INPUT MATERIAL ▸
*-*-*

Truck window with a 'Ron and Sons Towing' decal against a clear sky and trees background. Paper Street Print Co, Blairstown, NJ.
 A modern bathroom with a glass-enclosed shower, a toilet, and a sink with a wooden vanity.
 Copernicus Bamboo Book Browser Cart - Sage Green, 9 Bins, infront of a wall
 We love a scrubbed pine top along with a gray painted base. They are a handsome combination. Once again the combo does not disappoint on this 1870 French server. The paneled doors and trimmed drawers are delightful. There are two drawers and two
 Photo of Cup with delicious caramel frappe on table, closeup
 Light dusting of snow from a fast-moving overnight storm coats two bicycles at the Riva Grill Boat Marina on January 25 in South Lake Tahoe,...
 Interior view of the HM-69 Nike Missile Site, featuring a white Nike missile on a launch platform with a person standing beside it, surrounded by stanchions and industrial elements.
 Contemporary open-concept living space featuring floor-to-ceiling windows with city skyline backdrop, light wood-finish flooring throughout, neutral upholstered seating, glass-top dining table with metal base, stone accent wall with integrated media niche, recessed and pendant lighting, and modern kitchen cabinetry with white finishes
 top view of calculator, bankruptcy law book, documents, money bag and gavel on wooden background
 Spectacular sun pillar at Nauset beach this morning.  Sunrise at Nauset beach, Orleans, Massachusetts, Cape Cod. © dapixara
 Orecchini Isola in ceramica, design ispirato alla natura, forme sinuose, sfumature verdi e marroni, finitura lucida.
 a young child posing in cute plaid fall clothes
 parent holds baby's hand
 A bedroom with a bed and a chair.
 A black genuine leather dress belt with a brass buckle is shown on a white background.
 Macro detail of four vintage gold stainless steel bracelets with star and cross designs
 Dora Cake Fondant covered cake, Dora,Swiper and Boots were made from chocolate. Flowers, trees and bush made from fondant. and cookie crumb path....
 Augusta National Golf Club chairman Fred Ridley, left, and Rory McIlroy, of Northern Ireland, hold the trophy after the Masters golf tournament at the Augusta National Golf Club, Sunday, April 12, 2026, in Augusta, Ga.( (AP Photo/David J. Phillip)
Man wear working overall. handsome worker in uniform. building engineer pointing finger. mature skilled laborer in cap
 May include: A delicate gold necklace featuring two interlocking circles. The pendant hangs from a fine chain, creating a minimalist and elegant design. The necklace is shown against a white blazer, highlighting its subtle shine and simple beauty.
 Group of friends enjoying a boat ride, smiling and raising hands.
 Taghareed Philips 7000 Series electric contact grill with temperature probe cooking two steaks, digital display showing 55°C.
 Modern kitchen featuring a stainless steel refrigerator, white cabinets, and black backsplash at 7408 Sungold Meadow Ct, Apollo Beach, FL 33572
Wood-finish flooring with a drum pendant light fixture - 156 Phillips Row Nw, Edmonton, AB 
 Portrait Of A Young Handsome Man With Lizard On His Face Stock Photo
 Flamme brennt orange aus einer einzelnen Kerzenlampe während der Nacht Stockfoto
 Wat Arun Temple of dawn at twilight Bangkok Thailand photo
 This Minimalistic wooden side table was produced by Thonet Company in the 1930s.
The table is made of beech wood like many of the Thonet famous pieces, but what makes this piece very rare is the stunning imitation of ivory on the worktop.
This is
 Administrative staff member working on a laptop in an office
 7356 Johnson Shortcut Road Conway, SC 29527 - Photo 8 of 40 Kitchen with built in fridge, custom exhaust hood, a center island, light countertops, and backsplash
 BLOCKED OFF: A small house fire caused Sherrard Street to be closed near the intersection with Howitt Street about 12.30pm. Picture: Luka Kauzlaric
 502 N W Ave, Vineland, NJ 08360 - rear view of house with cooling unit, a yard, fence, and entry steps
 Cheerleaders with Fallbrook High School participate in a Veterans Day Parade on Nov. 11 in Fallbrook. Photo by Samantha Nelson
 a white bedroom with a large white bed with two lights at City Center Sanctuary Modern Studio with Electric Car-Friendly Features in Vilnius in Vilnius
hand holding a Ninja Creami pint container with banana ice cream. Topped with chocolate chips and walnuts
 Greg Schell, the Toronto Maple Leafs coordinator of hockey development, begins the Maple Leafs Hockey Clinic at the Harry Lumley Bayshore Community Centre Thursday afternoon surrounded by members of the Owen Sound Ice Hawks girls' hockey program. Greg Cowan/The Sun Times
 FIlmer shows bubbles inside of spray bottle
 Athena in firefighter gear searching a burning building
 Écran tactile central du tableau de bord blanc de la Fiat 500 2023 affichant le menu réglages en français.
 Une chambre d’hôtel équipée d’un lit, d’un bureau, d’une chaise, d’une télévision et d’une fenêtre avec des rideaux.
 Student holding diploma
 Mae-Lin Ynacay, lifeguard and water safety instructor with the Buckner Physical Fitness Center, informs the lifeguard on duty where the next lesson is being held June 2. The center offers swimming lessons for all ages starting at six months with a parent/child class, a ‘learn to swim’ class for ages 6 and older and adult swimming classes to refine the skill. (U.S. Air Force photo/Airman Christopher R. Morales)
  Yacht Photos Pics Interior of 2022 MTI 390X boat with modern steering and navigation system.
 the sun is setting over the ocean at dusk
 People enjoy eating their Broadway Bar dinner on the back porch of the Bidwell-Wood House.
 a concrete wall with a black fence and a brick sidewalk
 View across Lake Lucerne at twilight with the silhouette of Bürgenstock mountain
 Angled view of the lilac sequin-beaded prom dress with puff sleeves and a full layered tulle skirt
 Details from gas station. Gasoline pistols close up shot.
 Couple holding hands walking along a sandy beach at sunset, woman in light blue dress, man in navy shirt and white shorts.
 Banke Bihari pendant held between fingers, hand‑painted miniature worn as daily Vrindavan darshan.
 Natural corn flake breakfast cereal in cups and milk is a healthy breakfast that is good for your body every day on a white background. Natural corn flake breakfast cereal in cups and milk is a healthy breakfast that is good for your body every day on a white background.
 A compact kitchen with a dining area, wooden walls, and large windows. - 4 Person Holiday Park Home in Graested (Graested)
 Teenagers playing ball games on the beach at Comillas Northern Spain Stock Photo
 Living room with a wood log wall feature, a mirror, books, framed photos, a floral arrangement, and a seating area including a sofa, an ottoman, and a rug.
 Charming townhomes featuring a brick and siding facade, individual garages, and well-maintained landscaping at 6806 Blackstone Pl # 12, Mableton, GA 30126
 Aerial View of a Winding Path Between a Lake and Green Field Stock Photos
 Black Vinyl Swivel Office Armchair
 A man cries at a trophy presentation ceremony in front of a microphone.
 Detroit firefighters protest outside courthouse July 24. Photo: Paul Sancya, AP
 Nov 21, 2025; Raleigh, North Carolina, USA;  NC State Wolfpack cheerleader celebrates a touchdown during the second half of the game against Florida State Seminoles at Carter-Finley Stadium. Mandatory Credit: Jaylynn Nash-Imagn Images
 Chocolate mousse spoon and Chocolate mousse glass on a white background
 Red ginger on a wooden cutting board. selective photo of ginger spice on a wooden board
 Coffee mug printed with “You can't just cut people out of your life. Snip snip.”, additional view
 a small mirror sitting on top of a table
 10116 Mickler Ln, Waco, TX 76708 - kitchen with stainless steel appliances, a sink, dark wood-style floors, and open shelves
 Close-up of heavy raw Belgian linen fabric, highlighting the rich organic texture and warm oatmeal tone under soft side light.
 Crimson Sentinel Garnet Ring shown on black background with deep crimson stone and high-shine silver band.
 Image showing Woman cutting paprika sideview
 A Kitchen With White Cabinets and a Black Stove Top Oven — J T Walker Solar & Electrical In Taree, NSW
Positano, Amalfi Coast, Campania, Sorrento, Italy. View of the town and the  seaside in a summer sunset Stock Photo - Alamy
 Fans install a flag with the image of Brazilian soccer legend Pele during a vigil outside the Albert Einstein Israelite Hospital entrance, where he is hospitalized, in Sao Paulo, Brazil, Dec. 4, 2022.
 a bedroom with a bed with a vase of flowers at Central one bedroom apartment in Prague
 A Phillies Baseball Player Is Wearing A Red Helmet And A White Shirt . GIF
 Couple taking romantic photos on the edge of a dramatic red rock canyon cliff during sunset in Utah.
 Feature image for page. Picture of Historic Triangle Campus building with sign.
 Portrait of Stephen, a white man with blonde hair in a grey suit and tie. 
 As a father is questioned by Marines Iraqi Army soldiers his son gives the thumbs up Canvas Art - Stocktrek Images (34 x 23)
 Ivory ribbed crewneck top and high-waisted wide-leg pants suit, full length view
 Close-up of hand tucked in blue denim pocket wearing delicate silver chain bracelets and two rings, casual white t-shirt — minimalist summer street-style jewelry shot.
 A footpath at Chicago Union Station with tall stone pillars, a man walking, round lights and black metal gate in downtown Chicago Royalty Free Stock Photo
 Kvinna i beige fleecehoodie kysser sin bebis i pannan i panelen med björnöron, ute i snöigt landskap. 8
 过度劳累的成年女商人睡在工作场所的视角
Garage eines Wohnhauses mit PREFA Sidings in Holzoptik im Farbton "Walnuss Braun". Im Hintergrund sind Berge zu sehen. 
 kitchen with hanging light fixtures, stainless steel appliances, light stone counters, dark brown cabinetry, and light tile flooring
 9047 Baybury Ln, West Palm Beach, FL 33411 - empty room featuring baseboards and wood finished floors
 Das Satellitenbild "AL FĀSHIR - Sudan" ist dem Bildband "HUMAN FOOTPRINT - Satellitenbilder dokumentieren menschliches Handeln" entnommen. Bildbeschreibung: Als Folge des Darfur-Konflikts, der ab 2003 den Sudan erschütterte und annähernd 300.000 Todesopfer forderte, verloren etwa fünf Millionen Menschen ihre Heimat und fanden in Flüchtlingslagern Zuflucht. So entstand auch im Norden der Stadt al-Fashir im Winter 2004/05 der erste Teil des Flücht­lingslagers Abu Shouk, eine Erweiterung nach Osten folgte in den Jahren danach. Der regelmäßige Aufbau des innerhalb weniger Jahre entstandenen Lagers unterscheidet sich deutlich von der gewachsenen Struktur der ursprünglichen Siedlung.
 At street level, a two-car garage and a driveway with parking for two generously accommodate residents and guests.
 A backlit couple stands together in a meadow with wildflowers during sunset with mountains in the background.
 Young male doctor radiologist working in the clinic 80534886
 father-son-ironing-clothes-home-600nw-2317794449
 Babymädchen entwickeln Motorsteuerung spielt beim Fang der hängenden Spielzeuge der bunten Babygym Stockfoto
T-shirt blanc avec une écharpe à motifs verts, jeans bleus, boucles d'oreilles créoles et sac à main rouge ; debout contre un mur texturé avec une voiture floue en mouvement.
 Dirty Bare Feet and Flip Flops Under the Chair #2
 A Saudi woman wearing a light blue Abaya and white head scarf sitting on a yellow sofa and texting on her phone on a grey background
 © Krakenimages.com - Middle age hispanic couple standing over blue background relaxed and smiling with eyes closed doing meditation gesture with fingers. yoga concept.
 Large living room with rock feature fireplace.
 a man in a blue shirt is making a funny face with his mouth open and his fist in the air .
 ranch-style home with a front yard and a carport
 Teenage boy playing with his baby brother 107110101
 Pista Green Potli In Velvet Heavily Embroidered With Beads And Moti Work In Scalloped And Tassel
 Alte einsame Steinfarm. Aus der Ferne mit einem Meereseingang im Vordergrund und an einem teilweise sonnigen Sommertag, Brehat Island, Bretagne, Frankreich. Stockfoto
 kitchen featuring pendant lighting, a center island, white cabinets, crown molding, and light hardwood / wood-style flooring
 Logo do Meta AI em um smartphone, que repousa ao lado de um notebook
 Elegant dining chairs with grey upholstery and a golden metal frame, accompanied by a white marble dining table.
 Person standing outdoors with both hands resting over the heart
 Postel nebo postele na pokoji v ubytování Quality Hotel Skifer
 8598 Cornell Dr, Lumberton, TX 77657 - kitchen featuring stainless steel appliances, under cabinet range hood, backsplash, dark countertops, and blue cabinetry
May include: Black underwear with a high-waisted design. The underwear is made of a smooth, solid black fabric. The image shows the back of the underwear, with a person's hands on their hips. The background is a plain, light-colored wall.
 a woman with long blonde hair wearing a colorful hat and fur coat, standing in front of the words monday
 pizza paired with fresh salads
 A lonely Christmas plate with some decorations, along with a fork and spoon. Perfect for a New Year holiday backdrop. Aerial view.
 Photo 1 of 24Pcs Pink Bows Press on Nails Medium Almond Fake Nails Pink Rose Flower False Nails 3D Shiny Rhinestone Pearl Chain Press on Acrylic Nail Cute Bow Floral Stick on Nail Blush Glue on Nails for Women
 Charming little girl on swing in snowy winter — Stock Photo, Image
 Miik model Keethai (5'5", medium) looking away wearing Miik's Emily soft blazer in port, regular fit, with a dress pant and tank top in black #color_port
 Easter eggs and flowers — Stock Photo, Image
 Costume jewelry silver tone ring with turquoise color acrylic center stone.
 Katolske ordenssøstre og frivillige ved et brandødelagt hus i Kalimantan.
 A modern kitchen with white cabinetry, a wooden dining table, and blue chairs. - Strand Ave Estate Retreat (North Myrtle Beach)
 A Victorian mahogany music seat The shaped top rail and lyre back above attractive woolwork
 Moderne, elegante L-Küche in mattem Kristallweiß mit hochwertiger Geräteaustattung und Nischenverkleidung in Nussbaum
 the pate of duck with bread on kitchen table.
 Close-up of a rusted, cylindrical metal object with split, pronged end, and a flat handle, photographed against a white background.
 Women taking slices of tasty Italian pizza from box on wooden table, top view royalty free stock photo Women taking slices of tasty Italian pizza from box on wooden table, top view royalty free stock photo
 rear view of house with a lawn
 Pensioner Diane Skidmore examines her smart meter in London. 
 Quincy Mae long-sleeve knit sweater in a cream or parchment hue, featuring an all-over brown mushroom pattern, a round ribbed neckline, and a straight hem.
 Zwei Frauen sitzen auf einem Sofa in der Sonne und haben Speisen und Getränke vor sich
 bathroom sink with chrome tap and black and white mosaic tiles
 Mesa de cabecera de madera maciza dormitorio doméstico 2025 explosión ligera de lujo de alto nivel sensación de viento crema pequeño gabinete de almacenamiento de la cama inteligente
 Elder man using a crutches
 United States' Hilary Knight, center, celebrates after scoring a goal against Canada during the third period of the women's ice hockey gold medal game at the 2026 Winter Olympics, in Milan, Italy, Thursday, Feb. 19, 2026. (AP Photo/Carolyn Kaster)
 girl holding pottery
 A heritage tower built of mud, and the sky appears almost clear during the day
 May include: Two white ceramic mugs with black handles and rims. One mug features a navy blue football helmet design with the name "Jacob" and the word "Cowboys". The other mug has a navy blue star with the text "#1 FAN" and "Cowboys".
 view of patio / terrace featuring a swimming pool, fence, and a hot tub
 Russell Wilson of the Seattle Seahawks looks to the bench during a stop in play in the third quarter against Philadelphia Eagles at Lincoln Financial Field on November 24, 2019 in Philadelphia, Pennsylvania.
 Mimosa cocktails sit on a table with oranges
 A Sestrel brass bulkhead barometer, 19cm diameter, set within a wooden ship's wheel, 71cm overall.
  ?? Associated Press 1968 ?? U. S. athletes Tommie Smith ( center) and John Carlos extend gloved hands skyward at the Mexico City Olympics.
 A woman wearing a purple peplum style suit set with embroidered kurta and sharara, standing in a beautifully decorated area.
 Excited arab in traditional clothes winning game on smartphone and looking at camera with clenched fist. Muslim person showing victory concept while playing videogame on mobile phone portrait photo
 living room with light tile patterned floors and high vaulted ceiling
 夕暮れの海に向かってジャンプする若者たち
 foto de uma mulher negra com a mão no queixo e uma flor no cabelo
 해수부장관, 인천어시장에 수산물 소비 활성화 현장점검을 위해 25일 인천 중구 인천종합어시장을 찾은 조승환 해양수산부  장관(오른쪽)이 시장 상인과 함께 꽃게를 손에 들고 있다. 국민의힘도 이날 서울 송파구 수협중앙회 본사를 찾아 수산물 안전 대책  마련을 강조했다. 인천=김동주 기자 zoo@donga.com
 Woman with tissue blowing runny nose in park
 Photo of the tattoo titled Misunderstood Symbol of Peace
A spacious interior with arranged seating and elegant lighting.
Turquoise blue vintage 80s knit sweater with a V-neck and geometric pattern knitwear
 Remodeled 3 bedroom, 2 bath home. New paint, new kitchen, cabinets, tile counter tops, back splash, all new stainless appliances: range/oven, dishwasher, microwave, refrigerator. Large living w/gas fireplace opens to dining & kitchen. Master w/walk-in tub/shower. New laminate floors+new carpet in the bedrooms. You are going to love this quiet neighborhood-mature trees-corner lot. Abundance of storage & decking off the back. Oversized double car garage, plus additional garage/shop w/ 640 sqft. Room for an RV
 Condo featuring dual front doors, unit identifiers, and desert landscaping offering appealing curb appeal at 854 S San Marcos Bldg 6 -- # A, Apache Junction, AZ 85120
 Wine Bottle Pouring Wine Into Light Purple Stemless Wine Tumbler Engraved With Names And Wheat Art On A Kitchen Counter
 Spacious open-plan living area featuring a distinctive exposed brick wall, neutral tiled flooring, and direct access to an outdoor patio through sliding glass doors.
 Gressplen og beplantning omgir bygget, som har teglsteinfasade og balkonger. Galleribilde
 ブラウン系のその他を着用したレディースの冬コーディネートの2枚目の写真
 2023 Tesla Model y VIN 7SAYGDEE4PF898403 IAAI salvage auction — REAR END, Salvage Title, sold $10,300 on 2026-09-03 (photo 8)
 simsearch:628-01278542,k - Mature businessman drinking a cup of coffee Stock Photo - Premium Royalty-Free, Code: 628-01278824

*-*-*

TASK DIRECTIONS ▸ Within the listing above, extract exactly the lines from the line with "kitchen featuring pendant" to the line with "pizza paired with fresh salads", the two named lines included, and no others.

WORKED SOLUTION ▸
 kitchen featuring pendant lighting, a center island, white cabinets, crown molding, and light hardwood / wood-style flooring
 Logo do Meta AI em um smartphone, que repousa ao lado de um notebook
 Elegant dining chairs with grey upholstery and a golden metal frame, accompanied by a white marble dining table.
 Person standing outdoors with both hands resting over the heart
 Postel nebo postele na pokoji v ubytování Quality Hotel Skifer
 8598 Cornell Dr, Lumberton, TX 77657 - kitchen featuring stainless steel appliances, under cabinet range hood, backsplash, dark countertops, and blue cabinetry
May include: Black underwear with a high-waisted design. The underwear is made of a smooth, solid black fabric. The image shows the back of the underwear, with a person's hands on their hips. The background is a plain, light-colored wall.
 a woman with long blonde hair wearing a colorful hat and fur coat, standing in front of the words monday
 pizza paired with fresh salads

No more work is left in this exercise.